Differential responses of resistance arterioles to elevated intraluminal pressure in blacks and whites

Black Americans have an earlier onset, higher average blood pressure, and higher rates of hypertension-related mortality and morbidity, compared to whites. The racial difference may be related to microvasculature, the major regulatory site of blood pressure. The goal of this study was to compare the response of resistance vessels to high intraluminal pressure between black and white participants. A total of 38 vessels were obtained from human fat samples [21 black, 17 white; mean age 32 ± 12 yr and body mass index (BMI) 26.9 ± 4.9; between-group P ≥ 0.05] and included in this study. Internal diameter was measured in response to the flow induced by various pressure gradients (Δ10, Δ20, Δ40, Δ60, and Δ100 cmH 2 O), and flow-induced dilation (FID) was calculated before and after high intraluminal pressure (150 cmH 2 O). Before high intraluminal pressure, FID was not different between blacks and whites ( P = 0.112). After exposure to high intraluminal pressure, FID was reduced at every pressure gradient in vessels from blacks ( P < 0.001), whereas FID did not change in white participants except at Δ100 cmH 2 O. When incubated with the hydrogen peroxide (H 2 O 2 ) scavenger polyethylene glycol-catalase (PEG-catalase), the FID response in vessels from black, but not white, individuals was significantly reduced and the magnitude was higher at normal pressure relative to high pressure. Our findings suggest that the vessels from self-identified black individuals are more susceptible to microvascular dysfunction following transient periods of high intraluminal pressure compared to whites and show greater dependence on H 2 O 2 as a main contributor to FID at normal pressures.

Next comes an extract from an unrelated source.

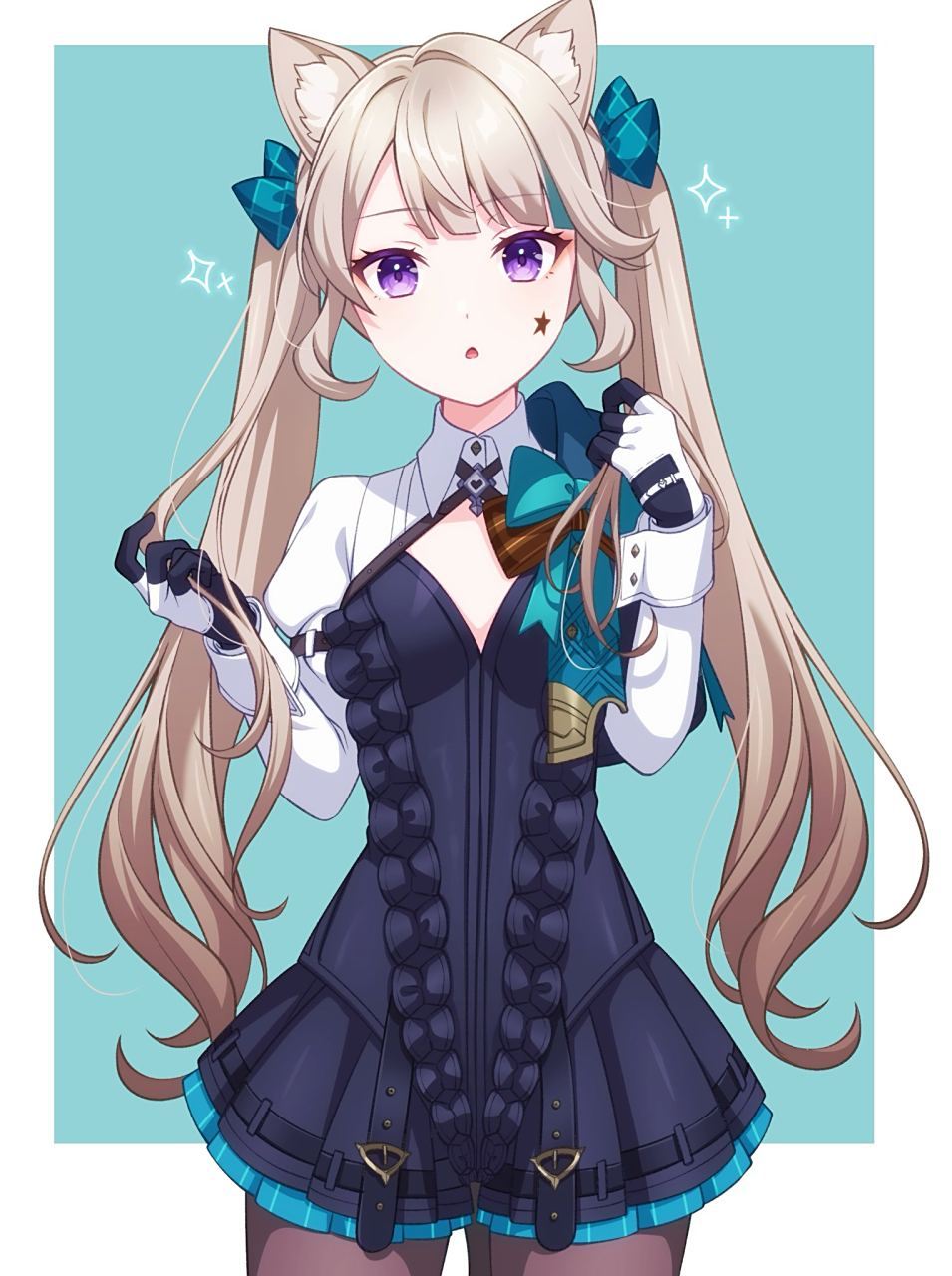 换成双马尾发型的琳妮特#原神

NEW & NOTEWORTHY Microvascular function regulates blood pressure and may contribute to racial differences in the incidence and prevalence of hypertension and other cardiovascular diseases. Here, we show that using an ex vivo model of resistance arterioles isolated from human gluteal fat tissue, flow-induced dilation is not different between black and white participants. However, when exposed to transient increases in intraluminal pressure, the flow-induced dilation in resistance arterioles from black participants demonstrated greater reductions relative to their white counterparts, indicating a higher sensitivity to pressure change in the microvasculature.